The panel discussion that followed saw Emilia Müller, Gundula Roßbach (President of the German Federal Pension Insurance), Dr Sangheon Lee (Director of the Employment Policy Department of the International Labour Organisation) and Dr Joachim Breuer (President of the International Social Security Association), discuss how to ensure that all employees benefit from an adequate level of social security. This included analysis of the challenges to effective prevention posed by digitalisation and changes in the world of work. 

Prioritisation of digitalisation in the healthcare sector

The second part of the specialist conference dealt with digitalisation processes in the healthcare sector and was introduced by the Bavarian State Minister for Health and Care, Melanie Huml. Emphasising the need to “push forward with the digitalisation of healthcare throughout Europe”, she used the cross-border electronic exchange of patient data as an example of the benefits digitalisation can bring to patients who receive treatment abroad. 


The keynote speech made by the Director for Health Systems, Medical Products and Innovation at the European Commission, Andrzej Rys, provided an overview of the Commission’s activities in this area. He stressed that the digitalisation of the healthcare sector is one of the European Commission’s top priorities.“Many member states are telling us that they have already made progress in the introduction of interoperable digital healthcare systems. They nevertheless report that there are still a number of legal, organisational and technical problems that impede the effective cross-border exchange of health-related data”, asked Rys for it. 

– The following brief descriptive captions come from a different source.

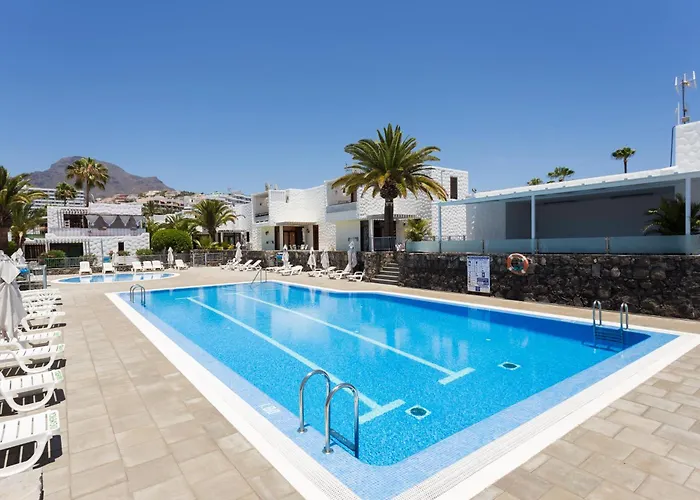 Amazing 2 Bedrooms By The Sea, *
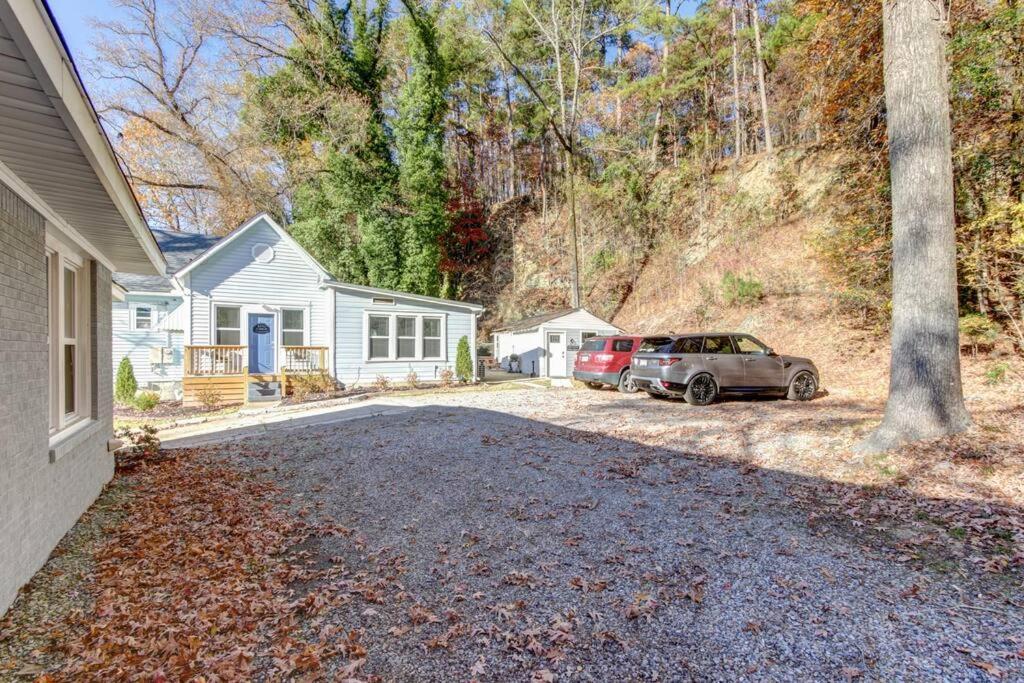 Cedar Blossom Bungalow is a cozy getaway with a 5 minute walk to downtown! view 2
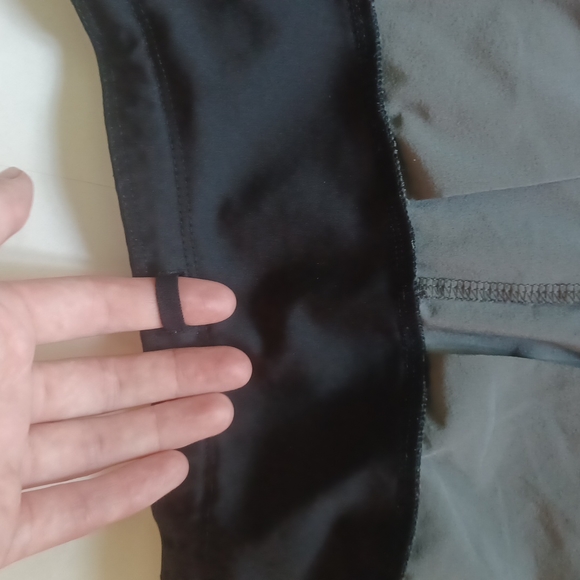 Athleta Ascender Shorts 4" inseam women's 0 Herb Olive color with stripes+pocket - Picture 15 of 17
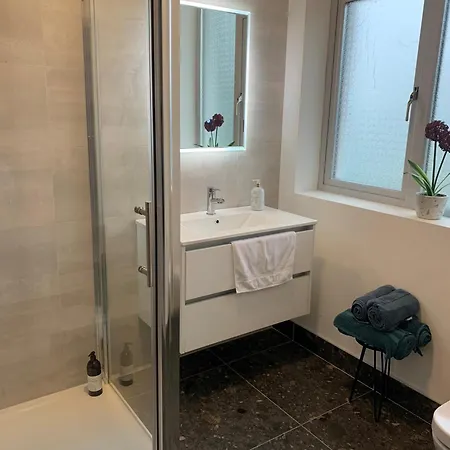 Row Guest house *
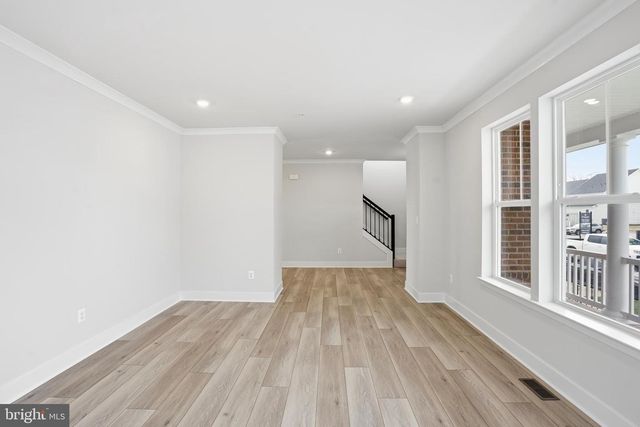603 HARRINGTON ST, Middle River, MD 21220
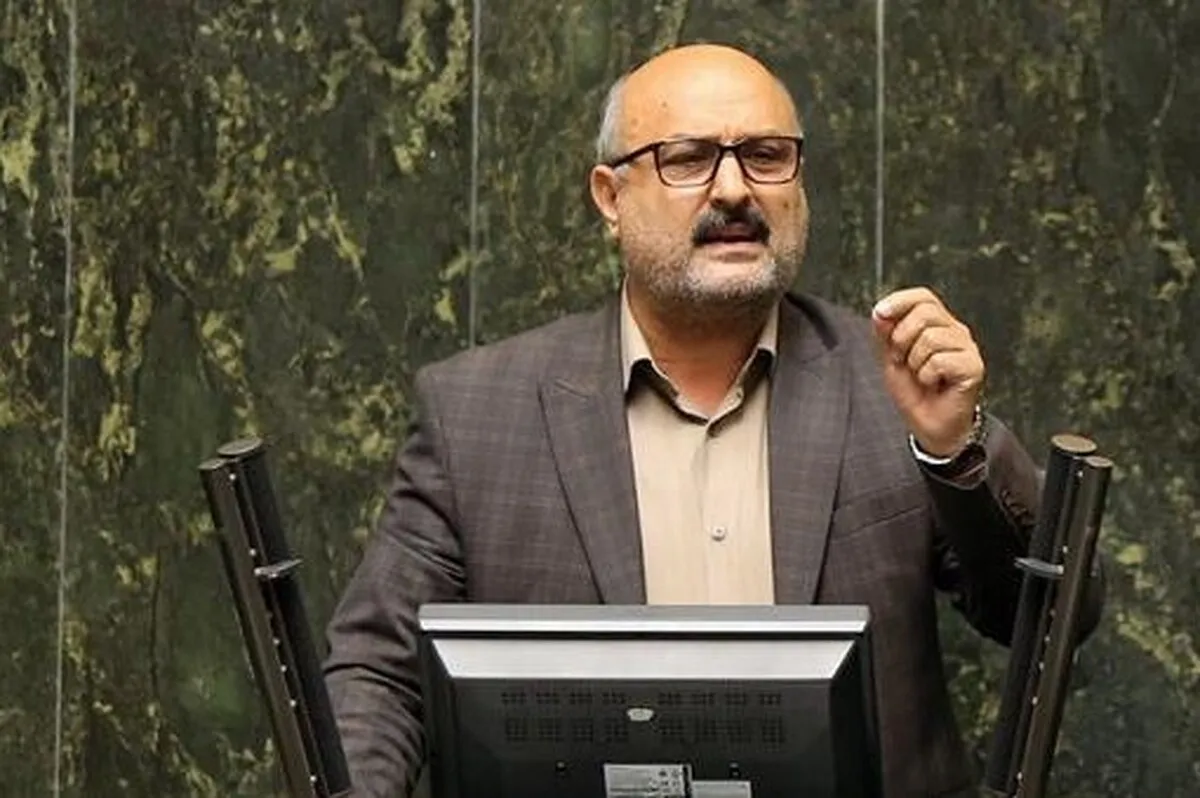 نماینده مجلس: خط فقر به ۲۰ میلیون تومان رسید| آقای رئیس‌جمهور تا کی مردم را به صبر دعوت کنیم؟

Melanie Huml, Dr Doris Pfeiffer (Chair of the Board of the National Association of Statutory Health Insurance Funds), Karin Kadenbach (Member of the European Parliament) and Dr Michael Meyer (Head of Strategy and Government Affairs, Siemens Healthcare) used the panel discussion that followed to debate not only the opportunities and added value digitalisation offers from the perspective of European healthcare provision, but also how the insured and patients stand to benefit. 

Closing remarks

Ilka Wölfle concluded the specialist conference by underlining the importance of ensuring an appropriate and effective response to negative trends caused by the digitalisation of the world of work, for example the emergence of gaps in social security provision. In her view, this is the responsibility of member countries in particular. She also stressed the necessity of harnessing the positive effects of digitalisation – for example those already being witnessed in areas such as healthcare provision, communication with the insured and administration – for use in the field of social protection. 

Evening reception at Bibliothèque Solvay

After the specialist conference, participants were invited to attend a celebratory evening reception at Bibliothèque Solvay. Dr Pfeiffer, Chair of the Board of the National Association of Statutory Health Insurance Funds, welcomed guests including members of the European Parliament, representatives of the European Commission and national governments as well as colleagues from other German and European lobbying groups. 


The guest speakers were Günther H. Oettinger, Commissioner for Budget & Human Resources at the European Commission, and Ambassador Dr Peter Rösgen of the Permanent Representation of Germany to the EU. 


Commissioner Oettinger used his speech to pay tribute to the work of the European Representation of the German Social Insurance. He also made particular reference to the changes that accompany globalisation, automation and digitalisation: “These changes need to be properly managed, as all employees must be able to see a future in their world of work. The German Social Insurance has a key role to play in the extent to which such changes are accepted.” 


Dr Rösgen joined Commissioner Oettinger in praising the work of the European Representation as a liaison office between German social insurance organisations and the European political environment. In particular, he described it as both far-sighted and brave to have recognised the relevance of European politics to the German social insurance system and taken the decision to establish the European Representation 25 years ago.